The sufficiency of the complaint was challenged, timely motions were made to withdraw from the jury's consideration the question of the liability of Orchard Auto Parts, and the instructions were duly excepted to. Error has been assigned to each of the rulings that were adverse to Orchard Auto Parts. The thrust of this appeal is that the negligence, if any, of Orchard Auto Parts was not a substantial factor in causing the harm. In the alternative, Orchard Auto Parts argues that its conduct breached no duty owed this plaintiff.

Orchard Auto Parts relies upon the language of Palsgraf v. Long Island R.R. Co., 248 NY 339, 162 NE 99, 59 ALR 1253 (1928), that "[t]he risk reasonably to be perceived defines the duty to be obeyed, and risk imports relation; it is risk to another or to others within the range of apprehension * * *." 248 NY at 344, 162 NE at 100. Orchard Auto Parts argues that it no more could have foreseen the chain of events that produced the death of the plaintiff's intestate than the operators of a commuter train could have foreseen the injuries that befell Mrs. Palsgraf. In other words, even if it be conceded that Orchard Auto Parts made a mistake, and thus, perhaps, was negligent in so doing, it is argued that such negligence was neither a breach of any duty owed the present plaintiff, nor a substantial cause of the harm.

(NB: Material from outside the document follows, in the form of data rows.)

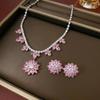 European and American Style Zircon Pink Plum Blossom Necklace and Earrings Set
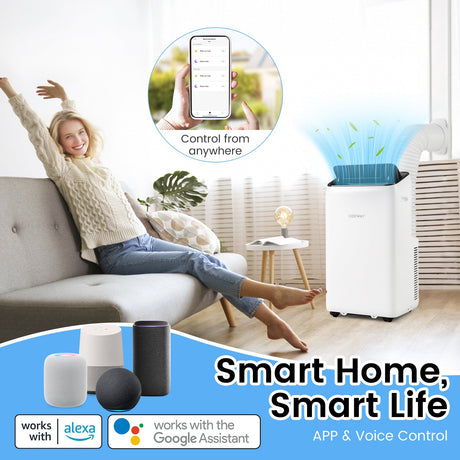 Aire Acondicionado Portátil Inverter de 14000 BTU, 3 en 1, con Wifi, Unidad de AC – Blanco
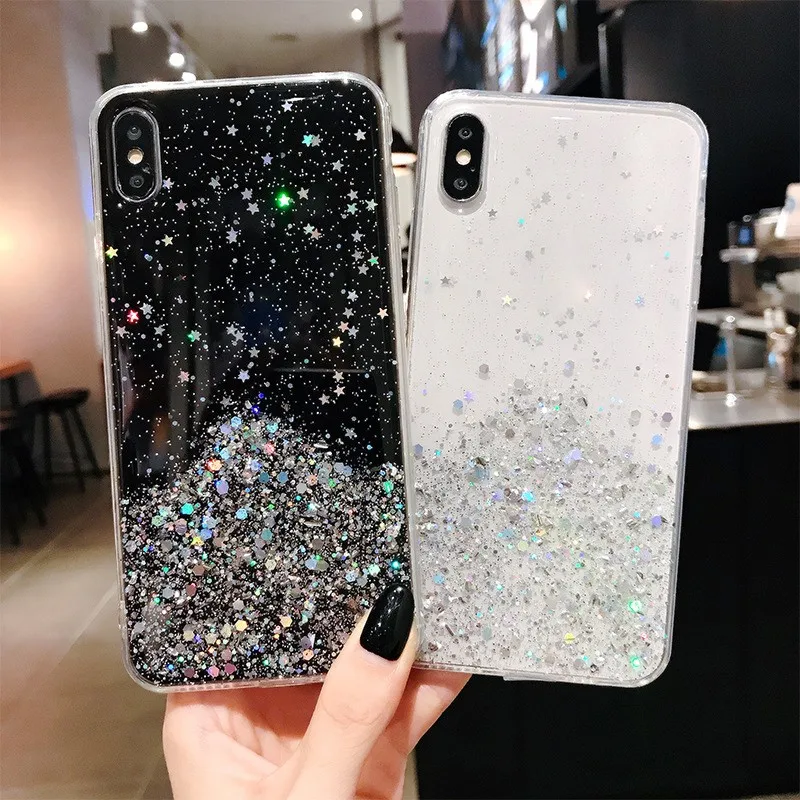 Luxury Gradient Glitter Star Phone Case For Huawei P40 P30 Pro Lite Mate 20 Iphone 7 8 11 Transparent Soft Back Cover | Мобильные
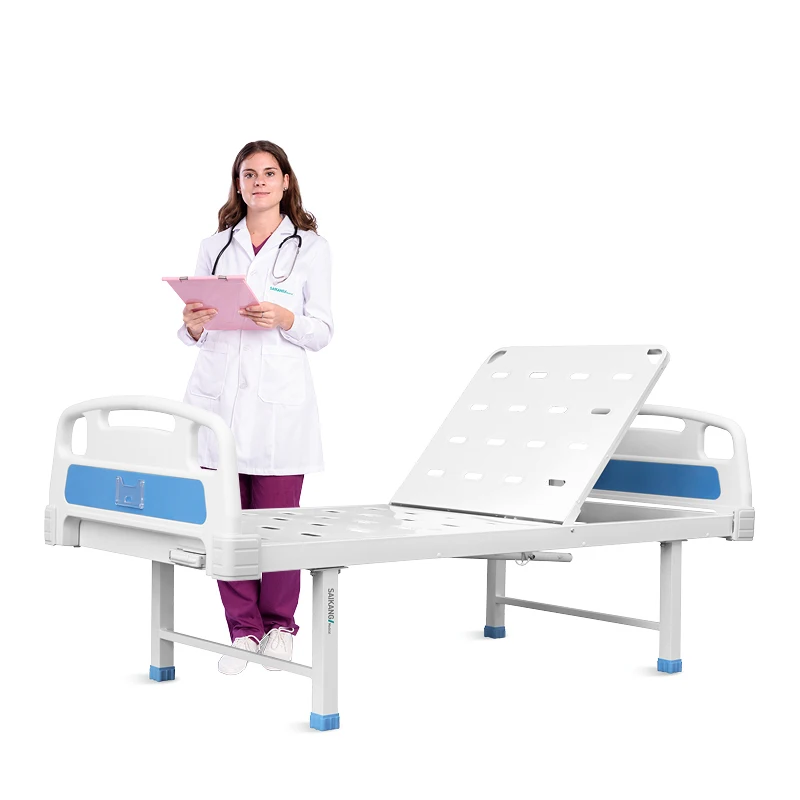 Economic Single Function Adjustable Medical Clinic Furniture Metal Folding Manual Patient Hospital Bed Manufacturers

2. The trial court correctly analyzed the problem *482 and committed no error in submitting it to the jury. It was for the jury to decide whether or not harm to the public might be a foreseeable result of the conduct of Orchard Auto Parts. If it was reasonably foreseeable that some harm to the traveling public could result from the installation of the wrong part on an automobile, and if it was reasonably foreseeable that the mechanic might negligently install on an automobile a part supplied him for such a purpose, then it would follow that there was a duty on the part of the suppliers not to supply the mechanic the wrong part. For a discussion of the "duty" concept, see Leon Green, Judge and Jury 30-96 (1930).

Orchard Auto Parts presses the point that it was the duty of the mechanic to install the part with due care, and that if he had exercised due care he would have discovered that he had been given the wrong part and presumably would not have installed it upon the automobile. The admitted negligence of the mechanic, Orchard Auto Parts urges, "breaks the chain" of causation, and refutes the contention that the negligence of the parts suppliers was a "substantial" or "proximate" cause of the plaintiff's loss.

3, 4. The suppliers' conduct, Orchard Auto Parts contends, could not have been the legal, or responsible, cause of the harm, as those terms are employed in the discussion of proximate cause found in the Restatement, 2 Torts (1934), particulary at § 447. The difficulty with this argument is that it assumes that it is the function of the court rather than of the jury to decide whether the conduct of Orchard Auto Parts was a substantial factor in producing the harm. When reasonable persons can differ upon the point, the question of "substantial" or "proximate" cause is for the jury. See, e.g., Stoneburner v. Greyhound Corp. *483 et al, 232 Or 567, 573, 375 P2d 812 (1962). After a jury has found that the conduct of the parts supplier was at least a substantial factor in the cause of the harm, and has categorized that conduct as negligent, liability must follow. See Prosser, Palsgraf Revisited, 52 Mich L Rev 1, 27 (1953).

5. If both Burlington and Orchard Auto Parts were negligent, and their combined negligence produced the result, then it is apparent that the negligence of Burlington was concurrent with that of Orchard Auto Parts and did not serve to insulate Orchard Auto Parts from liability. Strandholm v. General Const. Co., 235 Or 145, 158, 159, 382 P2d 843 (1963); Arneil v. Schnitzer, 173 Or 179, 144 P2d 707 (1944); Johnson v. Hoffman et al, 132 Or 46, 55-56, 284 P 567 (1930); Benton v. Sloss, 38 Cal2d 399, 240 P2d 575 (1952). See also 2 Harper and James, The Law of Torts 1143, § 20.5 (1956).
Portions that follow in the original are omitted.